In OpenMP, this refers to operations that execute without interference from other threads. If we make an operation modifying a value in
an array atomic, the compiler guarantees that no other thread can read or modify that array until the atomic operation is
finished. You can think of it as a thread having temporary exclusive access to something in our program, similar to a
'one at a time' rule for accessing and modifying parts of the program.
To do an atomic operation, we use the
omp atomic
pragma before the operation we want to make atomic.#include <stdio.h> #include <omp.h> int main() { int shared_variable = 0; int shared_array[4] = {0, 0, 0, 0}; /* Put the pragma before the shared variable */ #pragma omp parallel { #pragma omp atomic shared_variable += 1; printf("Shared variable updated: %d\n", shared_variable); } /* Can also use in a parallel for */ #pragma omp parallel for for (int i = 0; i < 4; ++i) { #pragma omp atomic shared_array[i] += 1; printf("Shared array element %d updated: %d\n", i, shared_array[i]); } }
Atomic operations are for single line operations or piece of code. As in the example above, we can do an atomic
operation when we are updating variable, but we can also do other things such as atomic assignment. Atomic operations are
often less expensive than critical regions or locks, so they should be preferred when they can be used. However, it's
still important to not be over-zealous with using atomic operations as they can still introduce synchronisation
overheads which can damage the parallel performance.

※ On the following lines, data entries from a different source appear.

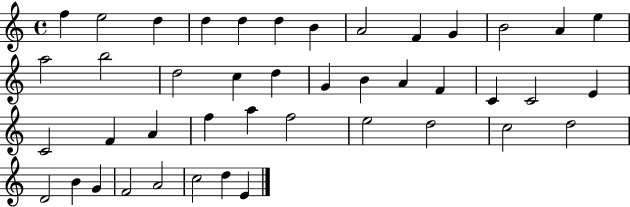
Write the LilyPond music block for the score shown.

{
  \clef treble
  \time 4/4
  \defaultTimeSignature
  \key c \major
  f''4 e''2 d''4 | d''4 d''4 d''4 b'4 | a'2 f'4 g'4 | b'2 a'4 e''4 | \break a''2 b''2 | d''2 c''4 d''4 | g'4 b'4 a'4 f'4 | c'4 c'2 e'4 | \break c'2 f'4 a'4 | f''4 a''4 f''2 | e''2 d''2 | c''2 d''2 | \break d'2 b'4 g'4 | f'2 a'2 | c''2 d''4 e'4 | \bar "|."
} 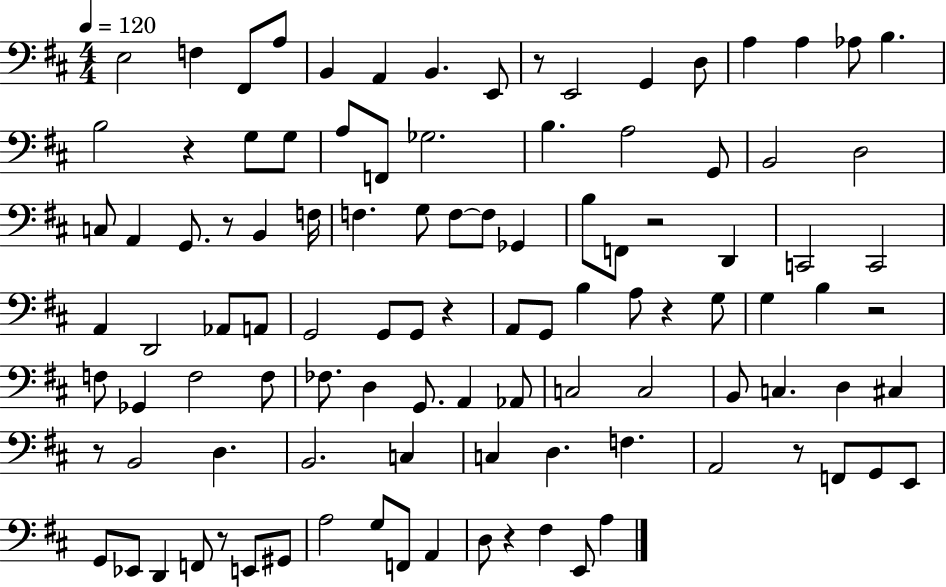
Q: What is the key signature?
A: D major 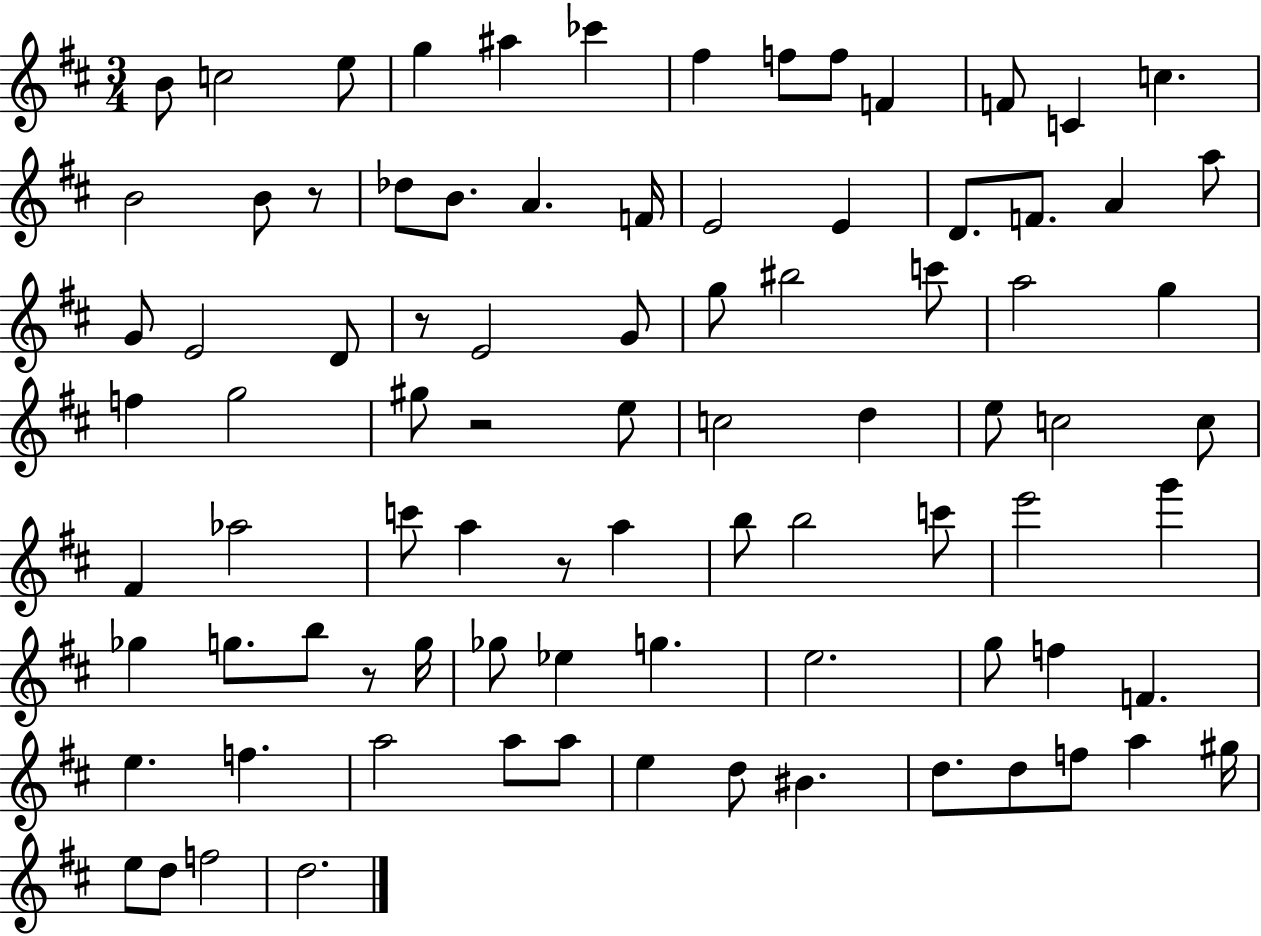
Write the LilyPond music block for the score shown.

{
  \clef treble
  \numericTimeSignature
  \time 3/4
  \key d \major
  \repeat volta 2 { b'8 c''2 e''8 | g''4 ais''4 ces'''4 | fis''4 f''8 f''8 f'4 | f'8 c'4 c''4. | \break b'2 b'8 r8 | des''8 b'8. a'4. f'16 | e'2 e'4 | d'8. f'8. a'4 a''8 | \break g'8 e'2 d'8 | r8 e'2 g'8 | g''8 bis''2 c'''8 | a''2 g''4 | \break f''4 g''2 | gis''8 r2 e''8 | c''2 d''4 | e''8 c''2 c''8 | \break fis'4 aes''2 | c'''8 a''4 r8 a''4 | b''8 b''2 c'''8 | e'''2 g'''4 | \break ges''4 g''8. b''8 r8 g''16 | ges''8 ees''4 g''4. | e''2. | g''8 f''4 f'4. | \break e''4. f''4. | a''2 a''8 a''8 | e''4 d''8 bis'4. | d''8. d''8 f''8 a''4 gis''16 | \break e''8 d''8 f''2 | d''2. | } \bar "|."
} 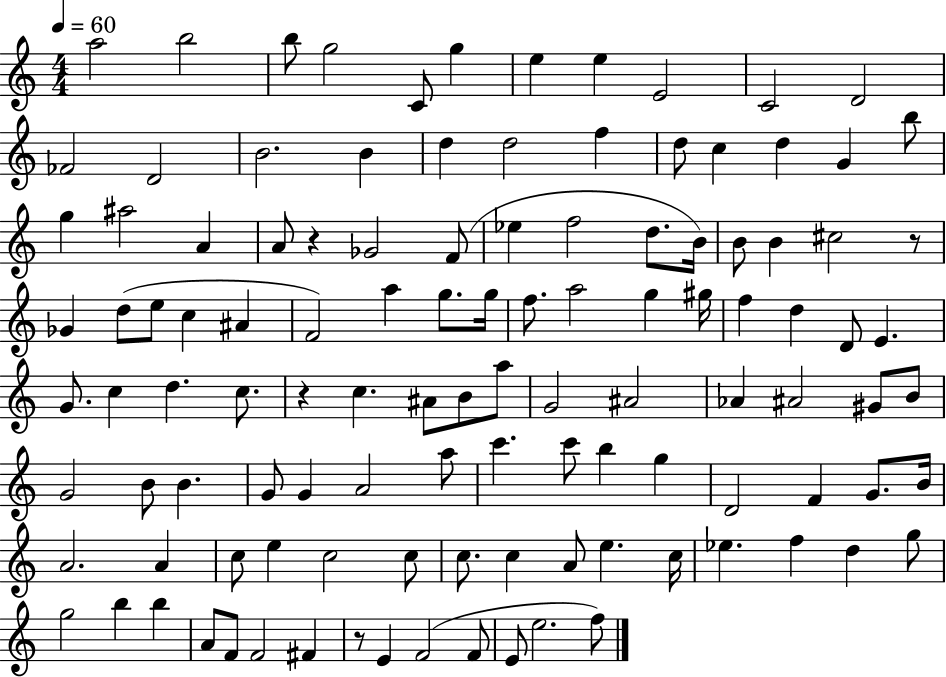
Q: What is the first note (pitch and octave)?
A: A5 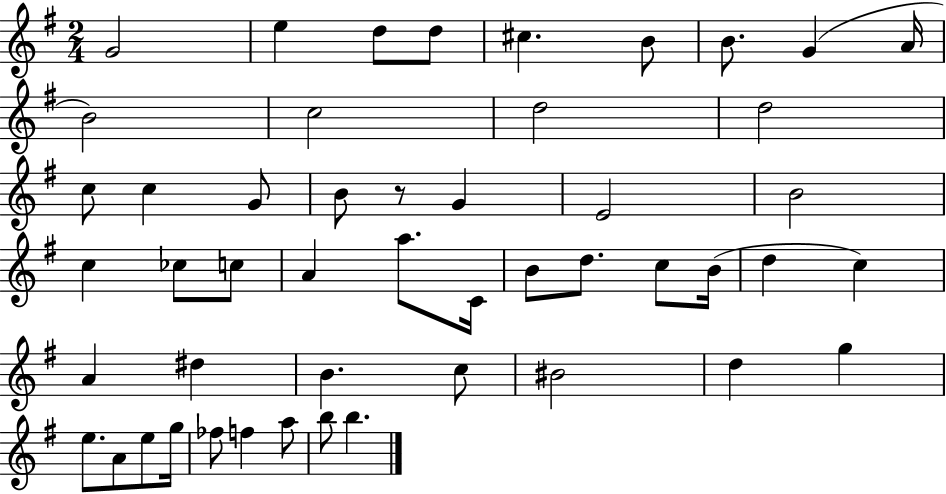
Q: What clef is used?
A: treble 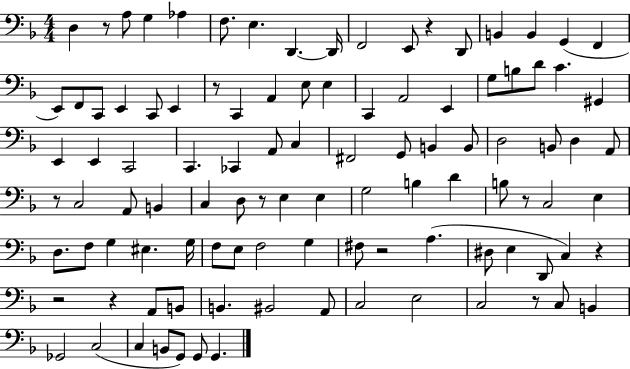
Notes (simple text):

D3/q R/e A3/e G3/q Ab3/q F3/e. E3/q. D2/q. D2/s F2/h E2/e R/q D2/e B2/q B2/q G2/q F2/q E2/e F2/e C2/e E2/q C2/e E2/q R/e C2/q A2/q E3/e E3/q C2/q A2/h E2/q G3/e B3/e D4/e C4/q. G#2/q E2/q E2/q C2/h C2/q. CES2/q A2/e C3/q F#2/h G2/e B2/q B2/e D3/h B2/e D3/q A2/e R/e C3/h A2/e B2/q C3/q D3/e R/e E3/q E3/q G3/h B3/q D4/q B3/e R/e C3/h E3/q D3/e. F3/e G3/q EIS3/q. G3/s F3/e E3/e F3/h G3/q F#3/e R/h A3/q. D#3/e E3/q D2/e C3/q R/q R/h R/q A2/e B2/e B2/q. BIS2/h A2/e C3/h E3/h C3/h R/e C3/e B2/q Gb2/h C3/h C3/q B2/e G2/e G2/e G2/q. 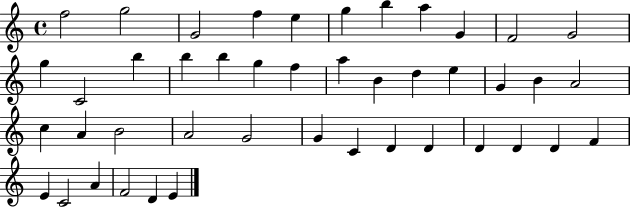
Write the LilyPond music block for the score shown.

{
  \clef treble
  \time 4/4
  \defaultTimeSignature
  \key c \major
  f''2 g''2 | g'2 f''4 e''4 | g''4 b''4 a''4 g'4 | f'2 g'2 | \break g''4 c'2 b''4 | b''4 b''4 g''4 f''4 | a''4 b'4 d''4 e''4 | g'4 b'4 a'2 | \break c''4 a'4 b'2 | a'2 g'2 | g'4 c'4 d'4 d'4 | d'4 d'4 d'4 f'4 | \break e'4 c'2 a'4 | f'2 d'4 e'4 | \bar "|."
} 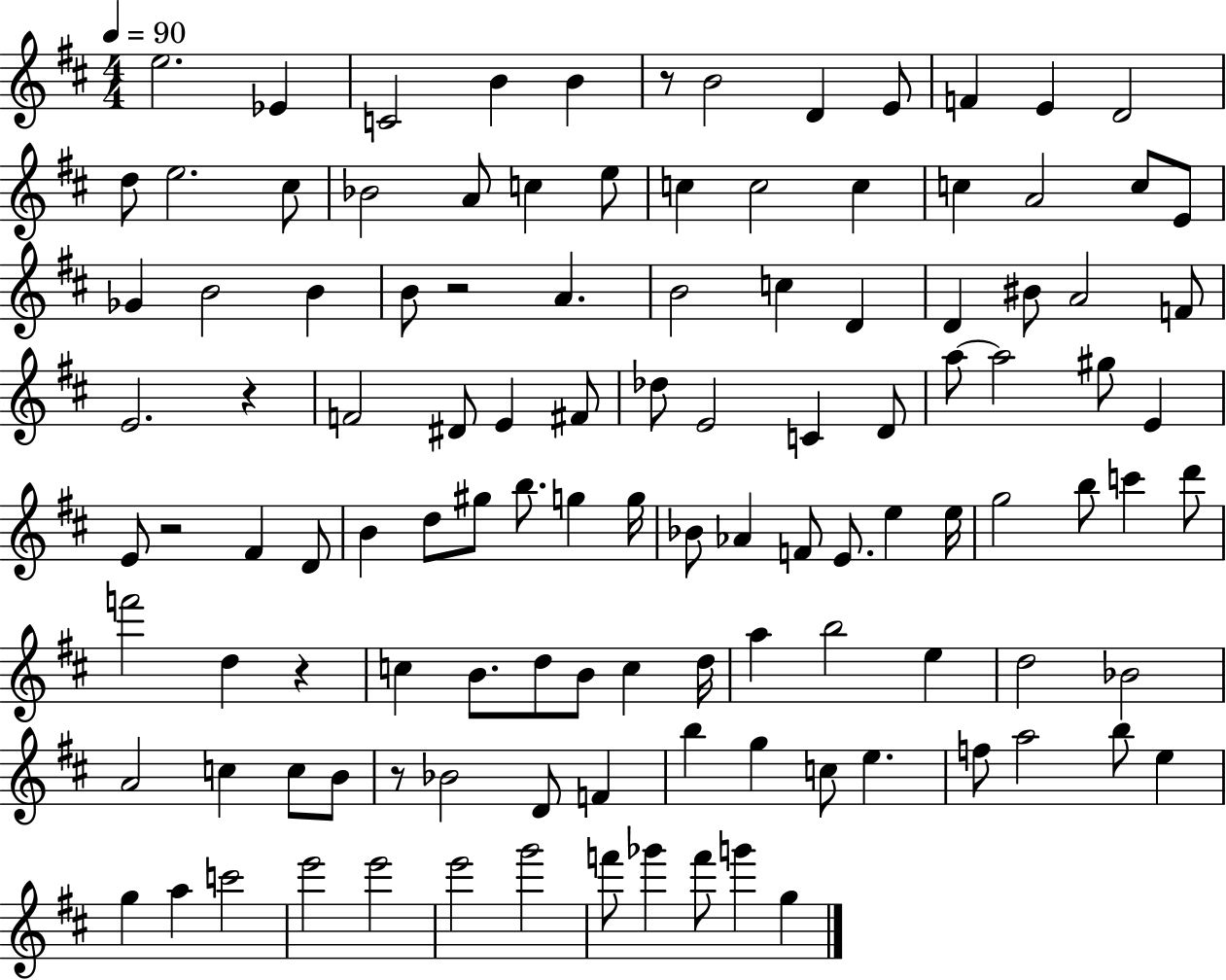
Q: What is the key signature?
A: D major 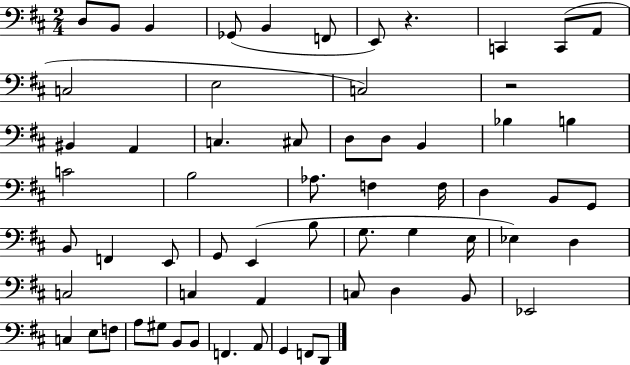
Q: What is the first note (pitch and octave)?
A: D3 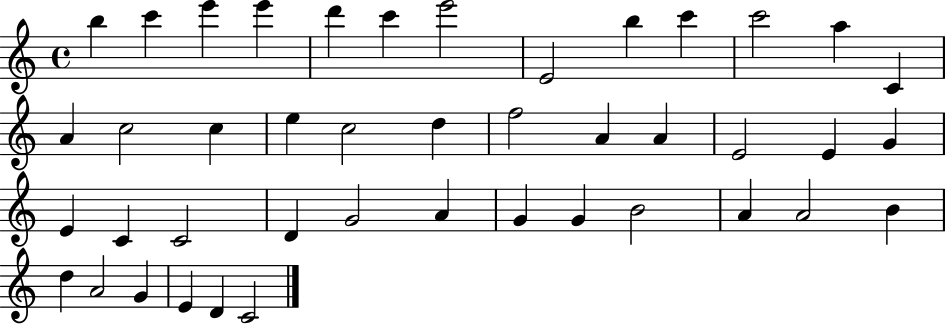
{
  \clef treble
  \time 4/4
  \defaultTimeSignature
  \key c \major
  b''4 c'''4 e'''4 e'''4 | d'''4 c'''4 e'''2 | e'2 b''4 c'''4 | c'''2 a''4 c'4 | \break a'4 c''2 c''4 | e''4 c''2 d''4 | f''2 a'4 a'4 | e'2 e'4 g'4 | \break e'4 c'4 c'2 | d'4 g'2 a'4 | g'4 g'4 b'2 | a'4 a'2 b'4 | \break d''4 a'2 g'4 | e'4 d'4 c'2 | \bar "|."
} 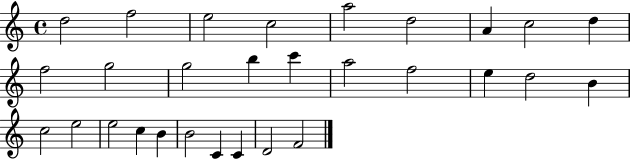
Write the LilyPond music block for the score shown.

{
  \clef treble
  \time 4/4
  \defaultTimeSignature
  \key c \major
  d''2 f''2 | e''2 c''2 | a''2 d''2 | a'4 c''2 d''4 | \break f''2 g''2 | g''2 b''4 c'''4 | a''2 f''2 | e''4 d''2 b'4 | \break c''2 e''2 | e''2 c''4 b'4 | b'2 c'4 c'4 | d'2 f'2 | \break \bar "|."
}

When should I prefer to use a critical region? Or an atomic operation, or a lock?
There are three mechanisms we can use to prevent race conditions: critical regions, locks and atomic operations. The
question then is, when should I use which mechanism? The choice between what to use depends mainly on the specific
requirements of your algorithm, and also a bit through trial and error.
Critical regions and locks are more appropriate when:
- You have some complex code which needs thread synchronisation, possible with a high level of granularity.
- When there is high contention, such as when multiple threads will frequently be accessing the same shared data.
- There is some degree of error handling or more advanced synchronisation patterns.
Atomic operations are good when:
- The operation which needs synchronisation is simple, such as needing to protect a single variable update in the parallel algorithm.
- There is low contention for shared data.
- When you need to be as performant as possible, as atomic operations generally have the lowest performance cost.
When comparing critical regions and locks, it is often better to use a critical region instead of a lock due to the
simplicity of using a critical region.
Remove the race condition
In the following program, an array of values is created and then summed together using a parallel for loop.
#include <math.h> #include <omp.h> #include <stdio.h> #define ARRAY_SIZE 524288 int main(int argc, char **argv) { float sum = 0; float array[ARRAY_SIZE]; omp_set_num_threads(4); #pragma omp parallel for schedule(static) for (int i = 0; i < ARRAY_SIZE; ++i) { array[i] = cos(M_PI * i); } #pragma omp parallel for schedule(static) for (int i = 0; i < ARRAY_SIZE; i++) { sum += array[i]; } printf("Sum: %f\n", sum); return 0; }
When we run the program multiple times, we expect the output
sum
to have the value of 0.000000
. However, due to an
existing race condition, the program can sometimes produce wrong output in different runs, as shown below:1. Sum: 1.000000 2. Sum: -1.000000 3. Sum: 2.000000 4. Sum: 0.000000 5. Sum: 2.000000
Find and fix the race condition in the program using both an atomic operation and locks.